Stored items:
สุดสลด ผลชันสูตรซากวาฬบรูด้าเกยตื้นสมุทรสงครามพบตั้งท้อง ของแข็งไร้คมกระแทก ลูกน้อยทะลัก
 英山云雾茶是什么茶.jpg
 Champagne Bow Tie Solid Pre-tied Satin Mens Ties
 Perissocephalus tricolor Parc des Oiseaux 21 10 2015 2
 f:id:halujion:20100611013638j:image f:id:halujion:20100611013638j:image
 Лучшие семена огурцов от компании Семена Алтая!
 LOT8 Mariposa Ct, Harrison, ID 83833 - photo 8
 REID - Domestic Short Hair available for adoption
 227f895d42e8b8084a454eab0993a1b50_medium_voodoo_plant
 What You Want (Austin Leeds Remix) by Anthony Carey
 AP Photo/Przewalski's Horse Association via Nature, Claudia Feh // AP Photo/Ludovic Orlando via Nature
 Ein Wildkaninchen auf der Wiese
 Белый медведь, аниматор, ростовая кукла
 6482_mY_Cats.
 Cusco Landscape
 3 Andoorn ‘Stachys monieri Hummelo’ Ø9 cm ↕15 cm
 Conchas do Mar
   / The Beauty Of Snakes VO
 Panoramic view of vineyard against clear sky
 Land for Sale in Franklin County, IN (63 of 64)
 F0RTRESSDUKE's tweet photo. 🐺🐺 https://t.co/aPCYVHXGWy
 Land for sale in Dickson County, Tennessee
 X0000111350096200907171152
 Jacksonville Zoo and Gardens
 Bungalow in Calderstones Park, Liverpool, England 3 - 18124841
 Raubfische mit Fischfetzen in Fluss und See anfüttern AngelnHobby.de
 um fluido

WHAT IS REQUIRED
Please return the data above exactly as given.

ANSWER TO THIS EXERCISE
สุดสลด ผลชันสูตรซากวาฬบรูด้าเกยตื้นสมุทรสงครามพบตั้งท้อง ของแข็งไร้คมกระแทก ลูกน้อยทะลัก
 英山云雾茶是什么茶.jpg
 Champagne Bow Tie Solid Pre-tied Satin Mens Ties
 Perissocephalus tricolor Parc des Oiseaux 21 10 2015 2
 f:id:halujion:20100611013638j:image f:id:halujion:20100611013638j:image
 Лучшие семена огурцов от компании Семена Алтая!
 LOT8 Mariposa Ct, Harrison, ID 83833 - photo 8
 REID - Domestic Short Hair available for adoption
 227f895d42e8b8084a454eab0993a1b50_medium_voodoo_plant
 What You Want (Austin Leeds Remix) by Anthony Carey
 AP Photo/Przewalski's Horse Association via Nature, Claudia Feh // AP Photo/Ludovic Orlando via Nature
 Ein Wildkaninchen auf der Wiese
 Белый медведь, аниматор, ростовая кукла
 6482_mY_Cats.
 Cusco Landscape
 3 Andoorn ‘Stachys monieri Hummelo’ Ø9 cm ↕15 cm
 Conchas do Mar
   / The Beauty Of Snakes VO
 Panoramic view of vineyard against clear sky
 Land for Sale in Franklin County, IN (63 of 64)
 F0RTRESSDUKE's tweet photo. 🐺🐺 https://t.co/aPCYVHXGWy
 Land for sale in Dickson County, Tennessee
 X0000111350096200907171152
 Jacksonville Zoo and Gardens
 Bungalow in Calderstones Park, Liverpool, England 3 - 18124841
 Raubfische mit Fischfetzen in Fluss und See anfüttern AngelnHobby.de
 um fluido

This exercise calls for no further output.